Devops

This article is more than 1 year old

Amazon finally opens doors to its serverless analytics

Still managing app servers by hand? What is this, 2012?

Thu 2 Jun 2022 // 19:42 UTC

If you want to run analytics in a serverless cloud environment, Amazon Web Services reckons it can help you out all while reducing your operating costs and simplifying deployments.

As is typical for Amazon, the cloud giant previewed this EMR Serverless platform – EMR once meaning Elastic MapReduce – at its Re:Invent conference in December, and only opened the services to the public this week.

AWS is no stranger to serverless with products like Lambda. However, its EMR offering specifically targets analytics workloads, such as those using Apache Spark, Hive, and Presto.

Amazon’s existing EMR platform already supported deployments on VPC clusters running in EC2, Kubernetes clusters in EKS, and on-prem deployments running on Outposts. And while this provides greater control over the application and compute resources, it also required the user to manually configure and manage the cluster.

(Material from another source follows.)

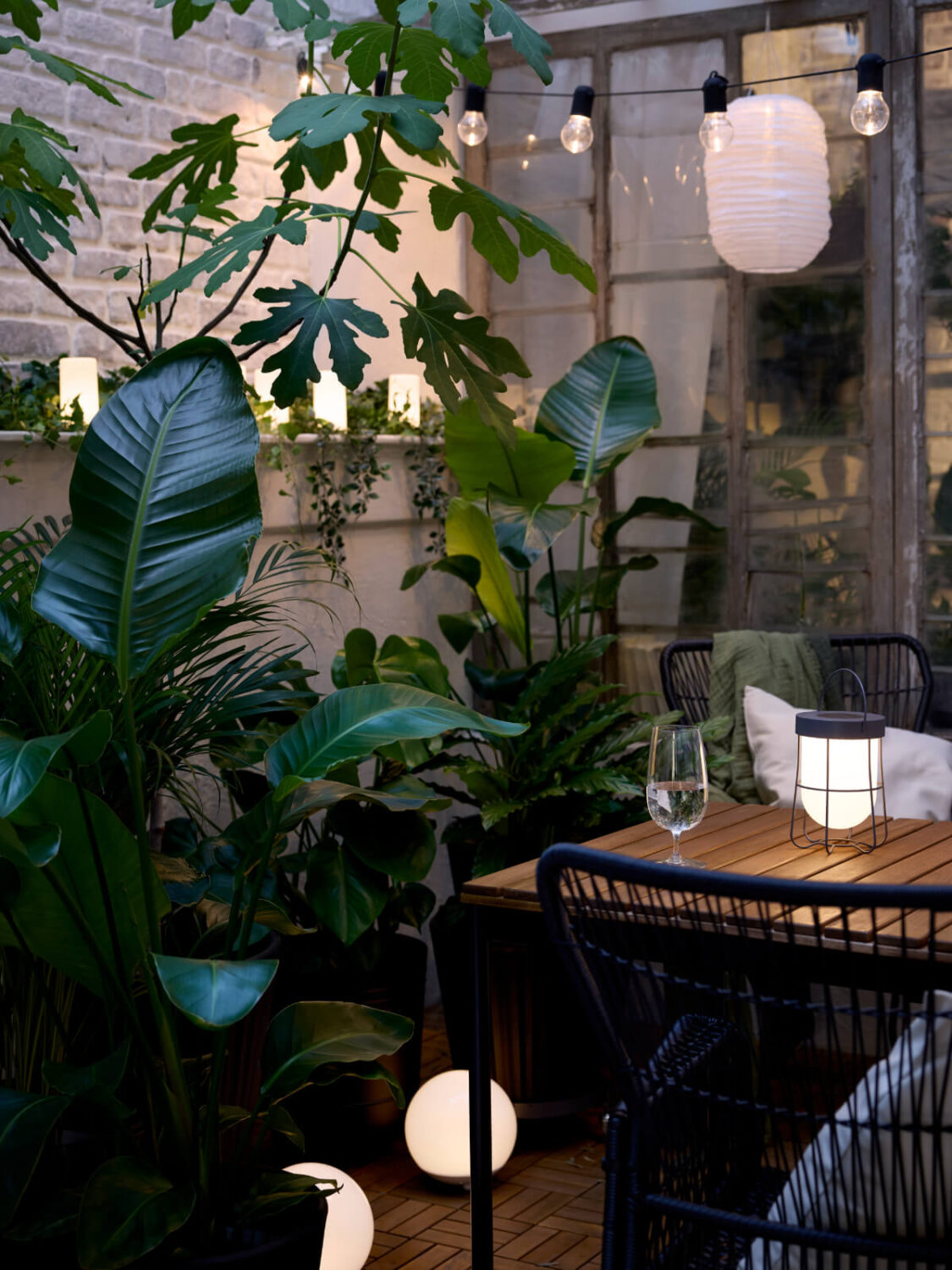 New IKEA Balcony and Garden Inspiration for Summer 2025 22 IKEA SOLVINDEN PH201560 New IKEA Balcony and Garden Inspiration for Summer 2025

What’s more, the compute and memory resources needed for many data analytics workloads are subject to change depending on the complexity and volume of the data being processed, according to Amazon.

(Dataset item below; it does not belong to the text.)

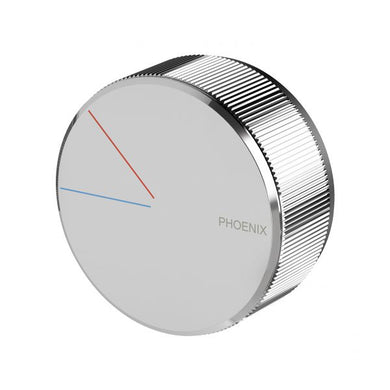 Phoenix Axia Shower/ Wall Mixer | Chrome |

EMS Serverless promises to eliminate this complexity by automatically provisioning and scaling compute resources to meet the demands of open-source workloads. As more or less resources are required to accommodate changing data volumes, the platform automatically adds or removes workers. This, Amazon says, ensures that compute resources aren’t underutilized or over-committed. And customers are only charged for the time and number of workers required to complete the job.

Customers can further control costs by specifying a minimum and maximum number of workers and the virtual CPUs and memory allocated to each worker. Each application is fully isolated and runs within a secure instance.

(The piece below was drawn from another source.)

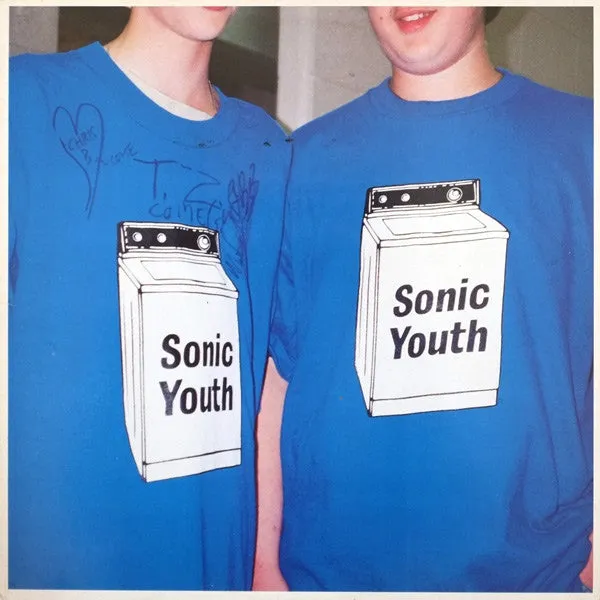 Sonic Youth ~ Washing Machine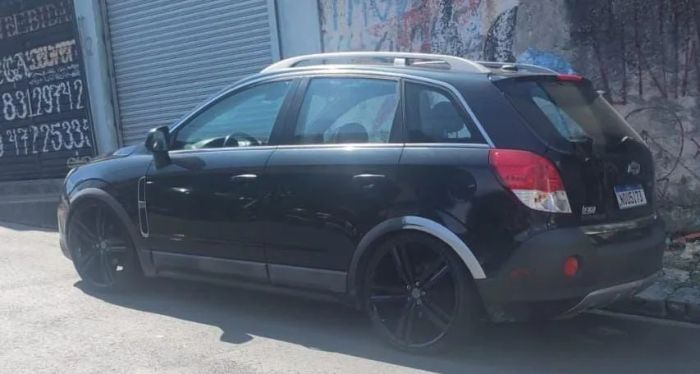 Imagem de Chevrolet Captiva Sport FWD 2.4 16V 171/185cv 2011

According to Amazon, these capabilities make the platform ideal for a number of data pipeline, shared cluster, and interactive data workloads.

By default EMS Serverless workloads are configured to start when jobs are submitted and stop after the application has been idle for more than 15 minutes. However, customers can also per-initialize workers to reduce the time require starting the process.

EMR Serverless also supports shared applications using Amazon’s identity and access management roles. This enables multiple tenants to submit jobs using a common pool of workers, the company explained in a release.

At launch, EMS Serverless supports applications built using the Apache Spark and Hive frameworks.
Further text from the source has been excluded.